Antigamente, costumava-se dizer que «livro é cultura». Com o advento da internet e outros bichos, livro ― pelo menos livro impresso ― anda perdendo o pouco de embalo que já tinha no Brasil.

Não sei, mas acho que o conceito de cultura é entendido de maneira sui-generis em nosso País. A escolha dos titulares da pasta da Cultura estes últimos anos tem deixado uma desagradável impressão de que o setor é de somenos importância. Não passa de um cabide onde se dependuram figuras vistosas, como um Gilberto Gil. Serve também de refúgio temporário para «desempregados» políticos, como é o caso da atual ocupante, dona Marta Suplicy, batida em sua última campanha eleitoral.

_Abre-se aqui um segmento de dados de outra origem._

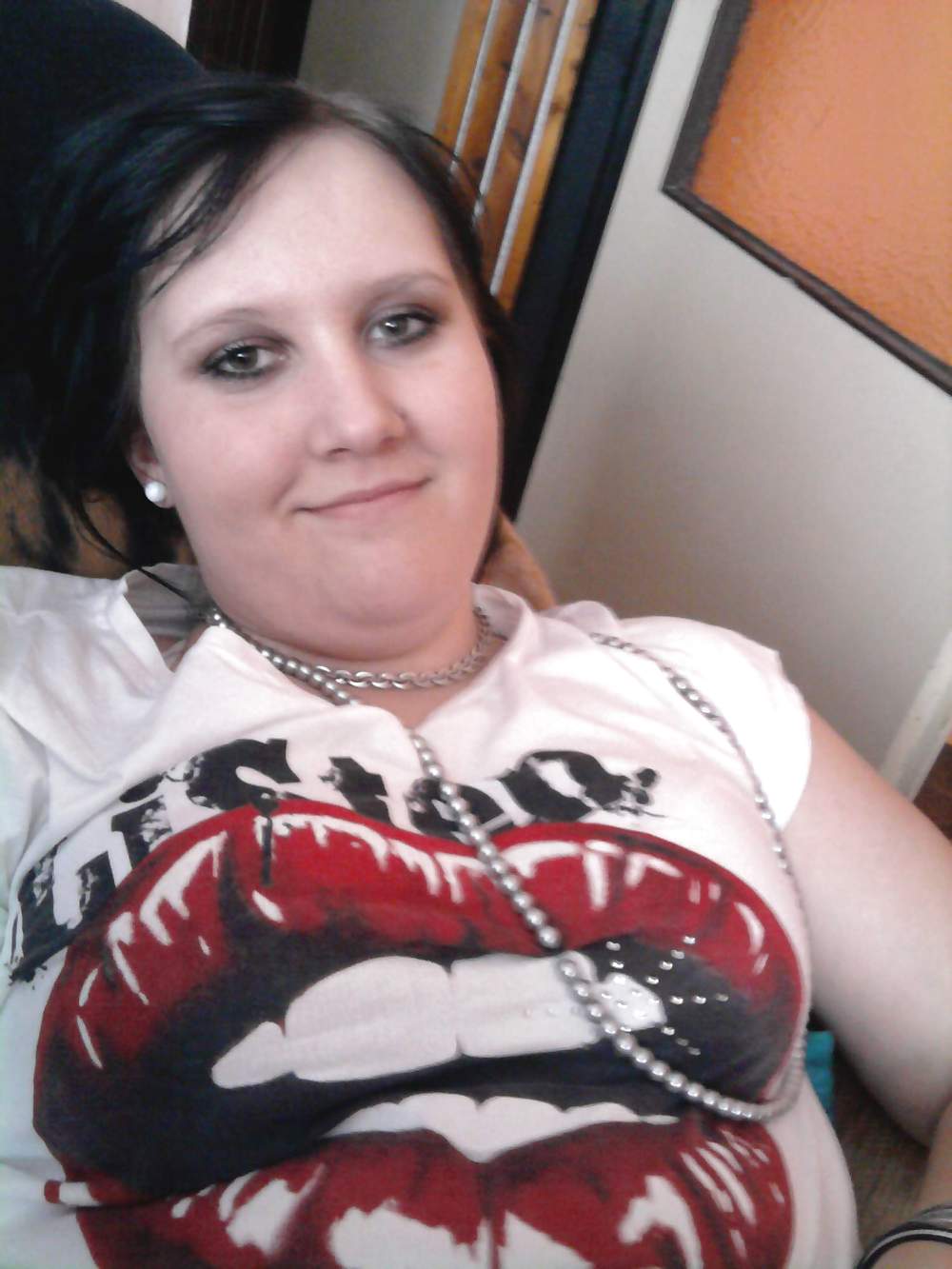 Sex karinjasikova amatrice chubby russe image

Das duas figuras que citei, nenhuma é conhecida por sua excepcional erudição, muito menos por suas qualidades organizacionais. Milagres não existem. Lembro-me de um velho chefe inglês que tive anos atrás. Falando de computador, ele dizia: «You feed shit it, you get shit out», se você puser cocô dentro, só pode sair cocô.

Teatrinho de marionete

Teatrinho de marionete

O nosso é um País de pouca cultura, de escassa erudição. Não se tem notícia de que realizações extraordinárias tenham sido deixadas de herança pelos últimos titulares do ministério. A última façanha de dona Marta Suplicy foi amplamente noticiada duas semanas atrás. Ignorando decisão da CNIC ― Comissão Nacional de Incentivo à Cultura ―, a ministra concedeu por volta de 7,5 milhões de reais a três estilistas de moda, para financiamento de seus desfiles no Brasil e no exterior.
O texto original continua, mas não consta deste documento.